Student behaviour is a core pillar of effective classroom management, and the benefits of an effectively managed classroom has a positive impact on teacher wellbeing. Generally, a well-behaved class will cause far less teacher stress as there are fewer class disruptions which helps to foster a positive learning environment. When a classroom is the optimum learning environment students are more ready and willing to learn. Not to mention, it helps teachers to keep students on tasks and, the more time they’re are able to spend delivering the curriculum with an attentive class, means they’re able to rest assured they’re providing students with the information they need to succeed.
Ways to establish good behaviour through classroom management:
Outlining behavioural expectations for a class helps to instantly minimise the amount of disruptions that will be encountered because students are not only aware of how to act, but also, the sanctions that can incur as a result of negative behaviour.
When it comes to implementing strategies that promote good behaviour, it isn’t always down to the individual teacher - there are school-wide initiatives that can be put in place to help establish both good student behaviour and positive teacher wellbeing. These can be things such as a behaviour policy and clear levels of actions that are taken as a result of negative behaviour.
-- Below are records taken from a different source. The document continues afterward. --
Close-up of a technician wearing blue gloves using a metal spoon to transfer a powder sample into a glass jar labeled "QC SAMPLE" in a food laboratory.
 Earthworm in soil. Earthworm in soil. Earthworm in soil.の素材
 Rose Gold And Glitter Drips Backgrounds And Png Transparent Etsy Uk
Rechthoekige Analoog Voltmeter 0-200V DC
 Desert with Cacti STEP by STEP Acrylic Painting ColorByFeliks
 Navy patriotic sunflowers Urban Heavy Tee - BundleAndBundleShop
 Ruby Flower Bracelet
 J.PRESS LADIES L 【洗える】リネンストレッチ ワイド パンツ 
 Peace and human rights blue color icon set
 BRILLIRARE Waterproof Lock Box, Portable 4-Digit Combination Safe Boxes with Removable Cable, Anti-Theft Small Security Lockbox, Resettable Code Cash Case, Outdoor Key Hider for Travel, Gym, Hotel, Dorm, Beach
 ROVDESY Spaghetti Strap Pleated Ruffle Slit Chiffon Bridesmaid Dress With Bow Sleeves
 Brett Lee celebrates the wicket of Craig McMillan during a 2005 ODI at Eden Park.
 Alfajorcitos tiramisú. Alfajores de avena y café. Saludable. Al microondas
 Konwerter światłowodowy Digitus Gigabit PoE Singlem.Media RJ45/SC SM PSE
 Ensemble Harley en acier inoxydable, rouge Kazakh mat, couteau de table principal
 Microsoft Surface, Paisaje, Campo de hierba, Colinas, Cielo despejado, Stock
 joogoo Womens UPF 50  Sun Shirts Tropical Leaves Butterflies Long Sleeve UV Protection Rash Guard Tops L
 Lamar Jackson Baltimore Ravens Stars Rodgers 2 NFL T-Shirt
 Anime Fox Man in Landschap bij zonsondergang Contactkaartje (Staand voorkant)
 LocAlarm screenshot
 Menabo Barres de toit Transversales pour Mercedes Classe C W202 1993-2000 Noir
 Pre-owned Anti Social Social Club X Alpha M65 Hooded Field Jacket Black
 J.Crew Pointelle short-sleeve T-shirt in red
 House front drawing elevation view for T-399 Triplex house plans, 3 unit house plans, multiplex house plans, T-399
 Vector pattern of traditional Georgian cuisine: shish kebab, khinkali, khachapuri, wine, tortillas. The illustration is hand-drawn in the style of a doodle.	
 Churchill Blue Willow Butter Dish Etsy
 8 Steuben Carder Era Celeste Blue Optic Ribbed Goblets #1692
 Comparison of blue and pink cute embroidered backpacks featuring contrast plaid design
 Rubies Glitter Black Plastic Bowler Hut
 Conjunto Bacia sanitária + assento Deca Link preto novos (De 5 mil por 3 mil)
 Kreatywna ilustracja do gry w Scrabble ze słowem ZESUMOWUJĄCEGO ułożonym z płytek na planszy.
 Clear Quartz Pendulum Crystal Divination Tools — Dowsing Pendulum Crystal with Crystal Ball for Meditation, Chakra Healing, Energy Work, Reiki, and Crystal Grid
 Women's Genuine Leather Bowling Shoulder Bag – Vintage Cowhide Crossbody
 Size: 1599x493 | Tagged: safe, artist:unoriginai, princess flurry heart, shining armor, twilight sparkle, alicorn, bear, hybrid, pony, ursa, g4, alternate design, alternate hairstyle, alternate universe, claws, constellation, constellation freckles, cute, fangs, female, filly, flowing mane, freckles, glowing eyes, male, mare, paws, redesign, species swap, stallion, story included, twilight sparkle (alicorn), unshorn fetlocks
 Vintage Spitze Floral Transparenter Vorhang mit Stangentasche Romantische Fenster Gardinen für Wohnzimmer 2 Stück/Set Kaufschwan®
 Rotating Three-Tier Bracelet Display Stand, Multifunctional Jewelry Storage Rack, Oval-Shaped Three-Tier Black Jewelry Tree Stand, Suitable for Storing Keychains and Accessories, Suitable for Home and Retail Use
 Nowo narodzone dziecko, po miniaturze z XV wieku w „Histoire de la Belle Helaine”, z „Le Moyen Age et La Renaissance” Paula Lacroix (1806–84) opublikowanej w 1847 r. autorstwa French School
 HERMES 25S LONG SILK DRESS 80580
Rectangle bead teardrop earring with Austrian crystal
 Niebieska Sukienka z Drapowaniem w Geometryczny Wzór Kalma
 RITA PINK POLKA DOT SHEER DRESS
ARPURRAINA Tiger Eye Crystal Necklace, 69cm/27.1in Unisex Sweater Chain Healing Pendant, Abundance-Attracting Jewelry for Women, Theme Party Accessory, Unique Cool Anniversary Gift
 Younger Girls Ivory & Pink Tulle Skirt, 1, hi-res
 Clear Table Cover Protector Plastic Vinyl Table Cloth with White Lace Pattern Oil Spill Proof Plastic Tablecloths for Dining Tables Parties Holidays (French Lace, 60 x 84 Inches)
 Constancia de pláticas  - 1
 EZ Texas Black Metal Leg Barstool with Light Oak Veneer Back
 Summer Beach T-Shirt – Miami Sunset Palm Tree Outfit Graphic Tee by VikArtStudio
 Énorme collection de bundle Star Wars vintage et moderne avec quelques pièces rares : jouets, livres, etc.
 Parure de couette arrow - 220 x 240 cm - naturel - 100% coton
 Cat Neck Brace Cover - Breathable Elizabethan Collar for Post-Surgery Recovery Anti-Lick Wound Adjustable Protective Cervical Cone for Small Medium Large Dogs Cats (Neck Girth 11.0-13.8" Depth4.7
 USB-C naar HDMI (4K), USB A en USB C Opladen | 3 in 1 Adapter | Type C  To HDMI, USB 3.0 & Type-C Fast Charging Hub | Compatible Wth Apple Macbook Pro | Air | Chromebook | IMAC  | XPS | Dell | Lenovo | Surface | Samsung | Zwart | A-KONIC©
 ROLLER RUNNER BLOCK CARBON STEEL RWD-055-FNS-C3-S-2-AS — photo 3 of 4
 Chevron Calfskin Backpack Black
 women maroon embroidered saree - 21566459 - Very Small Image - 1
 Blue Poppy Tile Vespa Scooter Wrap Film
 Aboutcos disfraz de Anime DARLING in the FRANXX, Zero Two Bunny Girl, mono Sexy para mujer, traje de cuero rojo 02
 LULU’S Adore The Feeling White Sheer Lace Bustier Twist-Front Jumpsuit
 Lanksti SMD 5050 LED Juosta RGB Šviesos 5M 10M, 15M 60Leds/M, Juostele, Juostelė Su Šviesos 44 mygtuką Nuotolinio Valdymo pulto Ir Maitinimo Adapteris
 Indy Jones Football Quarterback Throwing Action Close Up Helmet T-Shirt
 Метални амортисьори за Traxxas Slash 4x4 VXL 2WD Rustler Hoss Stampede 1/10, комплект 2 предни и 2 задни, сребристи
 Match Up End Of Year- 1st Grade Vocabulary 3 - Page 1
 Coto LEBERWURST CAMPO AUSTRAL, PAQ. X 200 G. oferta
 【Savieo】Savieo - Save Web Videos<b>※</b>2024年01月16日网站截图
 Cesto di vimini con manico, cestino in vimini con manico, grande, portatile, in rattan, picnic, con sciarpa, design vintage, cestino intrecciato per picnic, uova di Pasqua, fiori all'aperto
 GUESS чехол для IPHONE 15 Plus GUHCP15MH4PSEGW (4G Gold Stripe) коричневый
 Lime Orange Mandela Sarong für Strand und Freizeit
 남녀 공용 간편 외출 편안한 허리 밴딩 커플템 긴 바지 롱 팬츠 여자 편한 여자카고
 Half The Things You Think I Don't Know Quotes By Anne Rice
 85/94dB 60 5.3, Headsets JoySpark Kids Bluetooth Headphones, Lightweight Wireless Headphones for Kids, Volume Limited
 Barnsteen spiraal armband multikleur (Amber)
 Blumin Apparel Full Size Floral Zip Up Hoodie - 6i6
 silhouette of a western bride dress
This helps ensure everyone is on the same page and knows how to behave, and also gives teachers peace of mind that they have support there if they need it.
Seating plans are one of the best preventative measures a teacher can take to ensure good classroom management. Seating students strategically, of course, includes catering for learning disabilities and sight and hearing impairments but it also means splitting up students who create distractions for the rest of your class. Speaking to previous teachers and observing students helps to paint a picture of where disruptive students should be sat for easy management.
It’s a common misconception that more praise is equal to happier students and better behaviour, in fact there is such a thing as overpraising. What’s more valuable in encouraging positive student behaviour is ensuring that the praise given is truly deserved and acknowledges positive behaviour. By doing this, students are motivated to receive praise and will follow suit of the students who are behaving well.
Regardless of the types of behaviour in the classroom, it’s paramount to remember that no matter how personal in may seem, bad behaviour from a student isn’t intended as a personal attack. As a teacher, it’s important to learn how to detach personal emotions from the negative behaviour of students and to bear in mind that some of the most common reasons students misbehave is because of their own personal issues.
One of the best things about classroom management is that it’s something that teachers can take control of themselves - the classroom is their domain and they can trial tactics and initiatives to help improve student behaviour. A well-managed classroom is never going to eradicate teacher stress completely, but by paying it a decent amount of attention it can have a huge impact on wellbeing.